Wednesday, September 14, 2011

You're Never Too Successful to Learn Something New

Financial Peace University is starting tonight at our church. I am beyond excited, especially because my husband and I have the great honor of helping facilitate the class.

I am always a little bit shocked (and dare I say slightly offended) when people are dismissive of the class. I shouldn't be, I know. I'm working on that part. But it always seems the conversation goes like this:

"I'm so excited to start FPU!"

"Oh? I know someone who did that. As for us, we already have it together. We only have one credit card. And I have to have a safe car, but our payment is affordable. We got a great interest rate because we have great credit. But good for you that you're doing it."
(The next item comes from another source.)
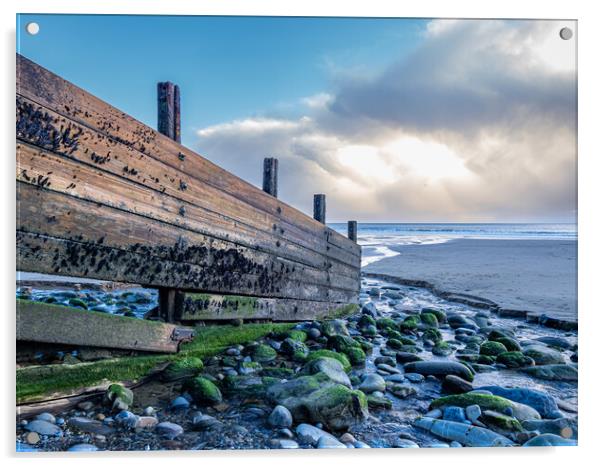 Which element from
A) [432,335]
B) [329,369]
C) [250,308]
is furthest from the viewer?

Now I know, I know; this person doesn't mean to be as condescending as they are coming across. Really, the sad part is this whole conversation is a product of double ignorance on their part: ignorance of my financial position and ignorance of the freedom that comes with having no payments and cash in the bank.

It seems to me that often people try to defend *not* taking the class when I mention that we're doing it.

The whole thing reminds me of freshman English 102 and our first introduction to Greek tragedy and hubris: that age-old self-pride which tells the hero that he can do it all himself and ultimately-- without fail-- leads to his demise. It is not so much inability, but a refusal to learn. After all, it takes humility to learn; you must admit what you think is correct may not be so.

If you don't take Dave Ramsey's advice, you may still succeed with money. But if your attitude is that of "I have nothing to learn from anybody" you will almost certainly fail at life.

I encourage everyone to take this class. I believe everyone, no matter how successful, can learn something from it. But if you don't want to take the class, please don't act like you've got it all figured out and the rest of us poor plebeians should go ahead.


  1. Interesting. So, what does FPU offer for somebody who's already completely debt free---not even a mortgage? (This is Brad, btw)

  2. Lots, acutally. It can help you improve communication with your spouse about money (my husband and I are very similar in this regard, but it still helped bring clarity), improve understanding of your own relationship with money, gain insight on how to invest, how to negotiate purchases, what to do (and not to do) when saving for Jr's college... and that's a drop in the bucket. You hear from a multi-millionaire twice-over who did it wrong the first time, lost it all, and did it again with lessons learned.

    He shares no-nonsense wisdom (secular and Biblical) that's refreshing and entertaining. Even thought we're pretty far through the babysteps (had to backtrack to BS3 because of an unexpected $5k repair), I am really enjoying going through the beginning again. The videos are fun and funny, and I get to share hope and encouragement those who are just beginning by sharing some of our stories.